Maybe some examples would help my thinking and clarify what I’m suggesting. Below is the first video highlight that came up on mlb.com (I have a feeling the embed won’t work. If it doesn’t, just click on the picture and it’ll bring you to the vid).
- How hard was the ball hit, on a scale from 1-10? 3. This is a pretty slowly hit ground ball, but it could be slower. It’s hard to place a number on it, but 3 sounds reasonable.
- What type of batted ball was it? Weak grounder. It might be a regular grounder, but the results would probably be mixed, and would show that it’s somewhere in between.
- Where was the ball hit? Infield – left side.
- How much credit, or blame, do you think the pitcher deserves for the actual outcome of this batted ball, taking into account both defense and luck, from 0%-100%? 10%. Ok, I’m realizing now that this is a very confusing question. Maybe it would be better if there were only two choices, credit or no credit. I’m not sure.
Let’s try another:
- How hard was the ball hit, on a scale from 1-10? 7. This is a fairly hard hit ball, but it’s not a screaming line drive and it’s not too deep. Maybe 6 or 8 would be better, but I’ll go with 7.

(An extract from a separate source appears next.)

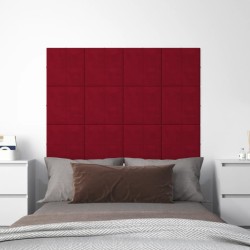 Wandpaneele 12 Stk. Weinrot 30x30 cm Samt 1,08 m²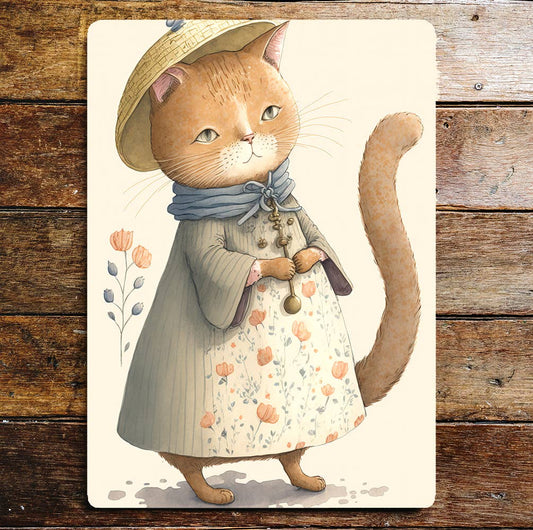 Cute Cat Girl Hat Floral Dress Flowers | Metal Sign Plaque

- What type of batted ball was it ? Fliner. This is exactly what I think of what I think of a fliner.
- Where was the ball hit ? Shallow outfield – right. I’m thinking maybe I should add left-center and right-center, but that implies that a pitcher can control the location of a batted ball that precisely, which I’m not confident he can.
- How much credit, or blame, do you think the pitcher deserves for the actual outcome of this batted ball, taking into account both defense and luck, from 0%-100%? 20%. The pitcher probably doesn’t deserve to get rewarded for an out here, but at least it wasn’t a deep, hard-it fly ball.
So there you have it. Theoretically, if there were hundreds of responses for each play, we could estimate, with some degree of accuracy, how much credit a pitcher deserves for a given batted ball, and by combining all of the batted balls, determine the pitcher’s skill at turning batted balls into outs.
Now it’s your turn. Is my idea completely idiotic? Would it work theoretically? Would it work practically? How could I change the questions to improve accuracy and response frequency? Once I perfected it, how could I implement it? And what would I do with the results? I would love to hear any and all comments.